Bonnie Prince Bob – a Surprise in Edinburgh Central
Our occasional collaborator and contributor Bonnie Prince Bob is running for office. That’s not a sentence I had expected to write anytime soon [see his previous; the brilliantly conceived What Was Done? from 2017; his all-time epic takedown Jim Murphy Saviour of the Union (2015); plus of course his savage 2019 assault on festivilisation, There’s No Edinburgh in the Edinburgh Festival].
For an election approached by an exhausted and dispirited electorate – the highly marginal Edinburgh Central may now become a talking point in ways that no-one expected (see the other candidates here).

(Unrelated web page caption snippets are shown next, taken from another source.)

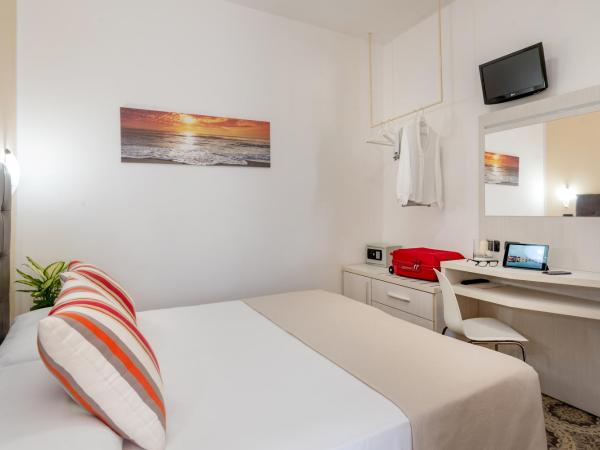 Hotel Maria Serena : photo 3 de la chambre chambre double confort - vue sur mer
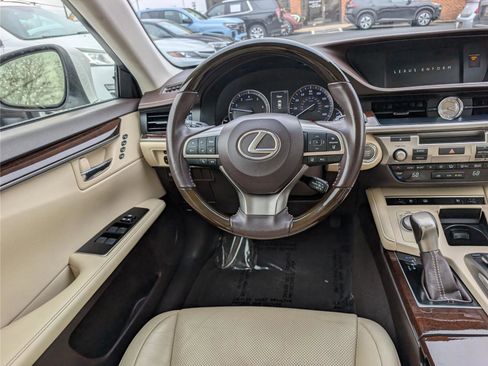 Used 2016 Lexus ES 350 FWD image 17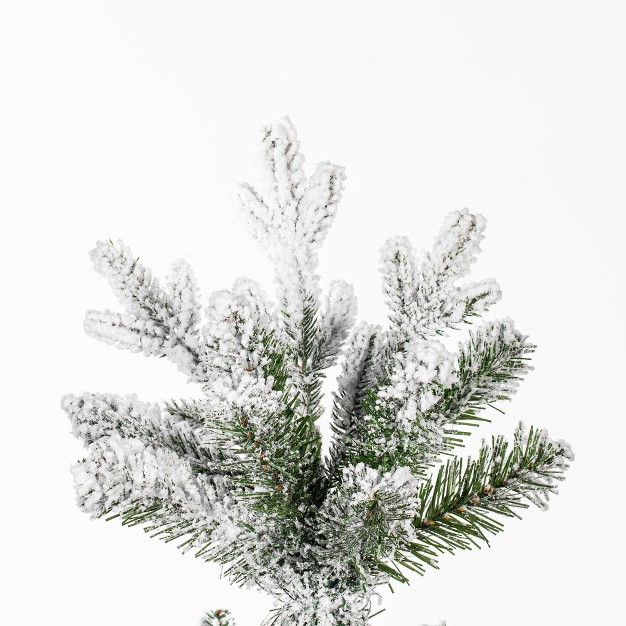 Vickerman Frosted Wistler Spruce Artificial Christmas Tree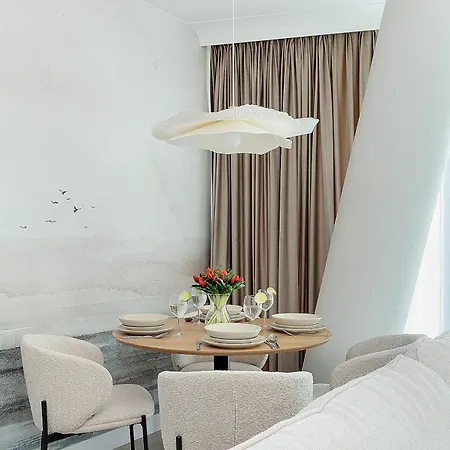 Apartment Stylish Sea Waves With Pool & Parking By Rent Like *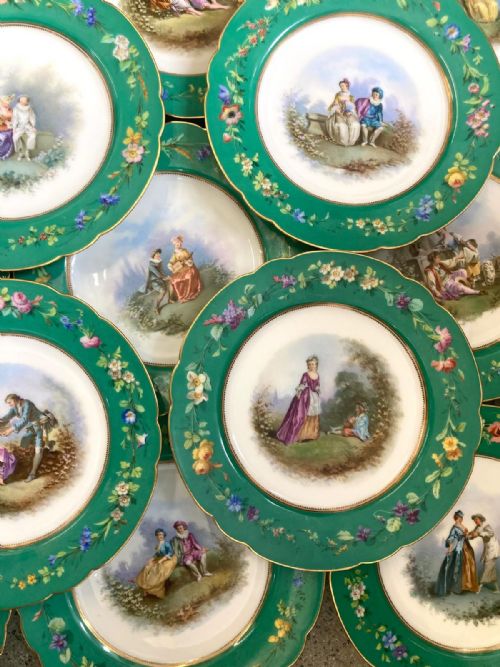 A WONDERFUL COLLECTION OF TWENTYSEVEN FRENCH LIMOGES DESSERT PLATES CIRCA 1840 - ADDITIONAL PHOTO 2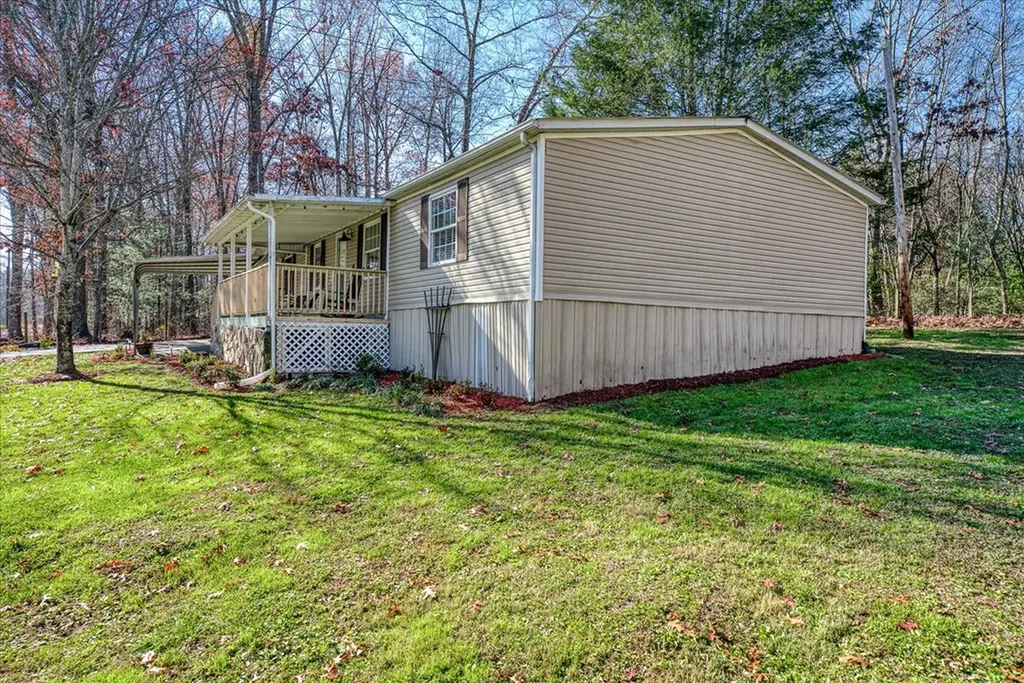 7038 Talahatchie Drive Crossville TN 38572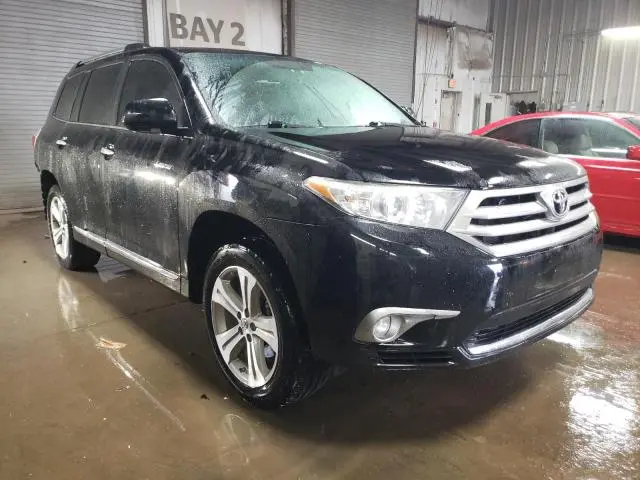 2013 TOYOTA HIGHLANDER LIMITED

In fact the rise of independents in Scottish politics may point to a breakdown in party lines as the constitutional deadlock breaks the feasibility of ‘big tent politics’ where party machines can contain individuals unified by a single political aim but containing a multitude of actual views.
You may not like the Bonnie Princes style, you might not agree with everything he says (I don’t) – but Bonnie Prince Bob is speaking to issues about social cleansing, over-tourism, chronic housing failure, sacrificing the politics of class and inequality to all others, and the professionalisation of politics into an anemic form of managed decline that have been swept under the carpet for far too long.
Edinburgh in particular has suffered under misrule (by all parties) for decades and anyone raising these issues are routinely treated with utter contempt for doing so.
I have heard none of the professional political class speak with any urgency or meaning on any of these issues. The rise of BPB may be a warning shot that the dull binary politics of turgid managerialism aren’t immune from disruption, even in Scotland.